SUPPLIED DATA
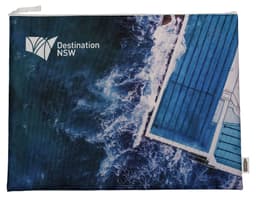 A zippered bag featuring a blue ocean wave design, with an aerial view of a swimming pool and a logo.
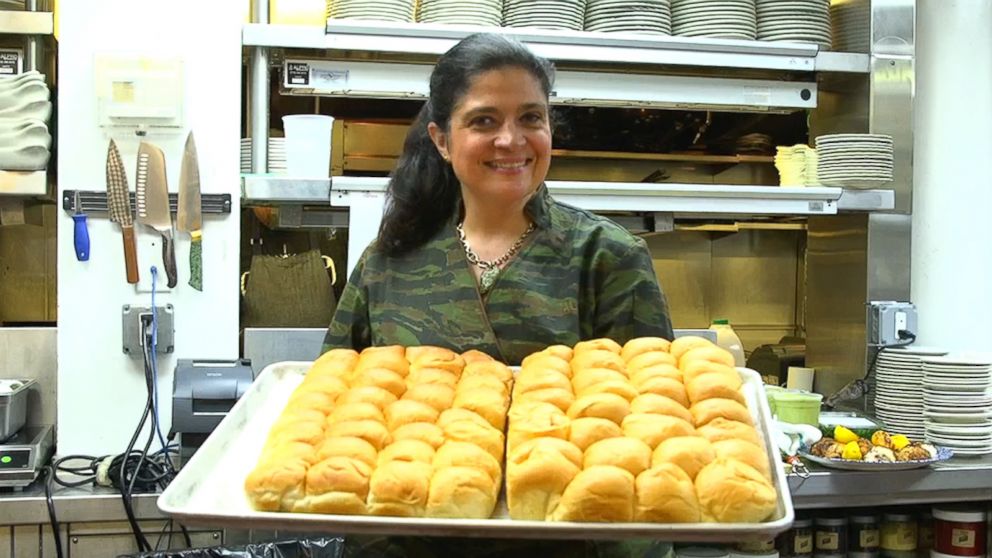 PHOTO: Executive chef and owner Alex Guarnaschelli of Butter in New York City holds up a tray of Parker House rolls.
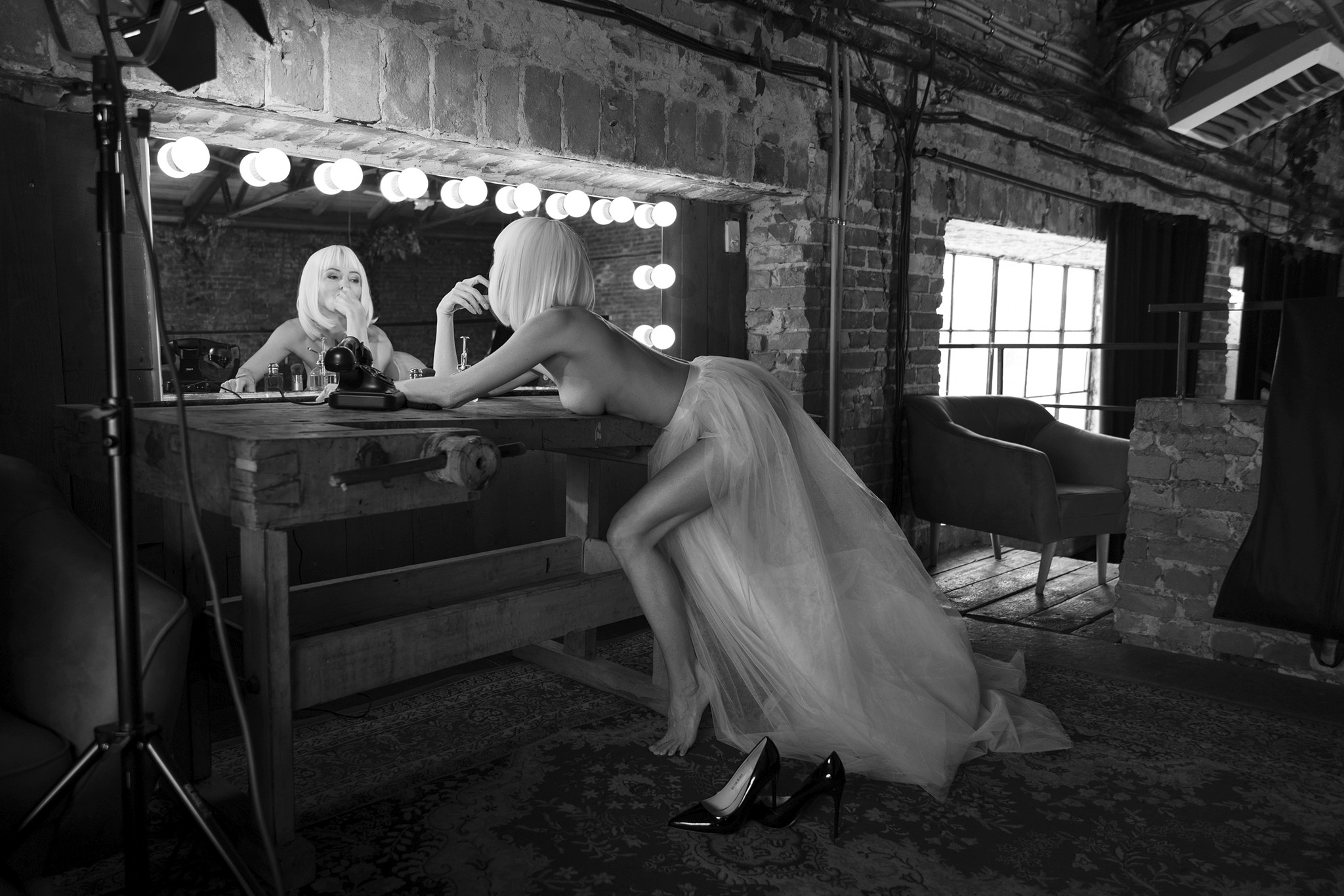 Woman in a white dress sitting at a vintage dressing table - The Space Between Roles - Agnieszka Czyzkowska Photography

AIM OF THE TASK
Print the material in full and exactly; the pictures must not be printed.

ANSWER SPACE
 A zippered bag featuring a blue ocean wave design, with an aerial view of a swimming pool and a logo.
 PHOTO: Executive chef and owner Alex Guarnaschelli of Butter in New York City holds up a tray of Parker House rolls.
 Woman in a white dress sitting at a vintage dressing table - The Space Between Roles - Agnieszka Czyzkowska Photography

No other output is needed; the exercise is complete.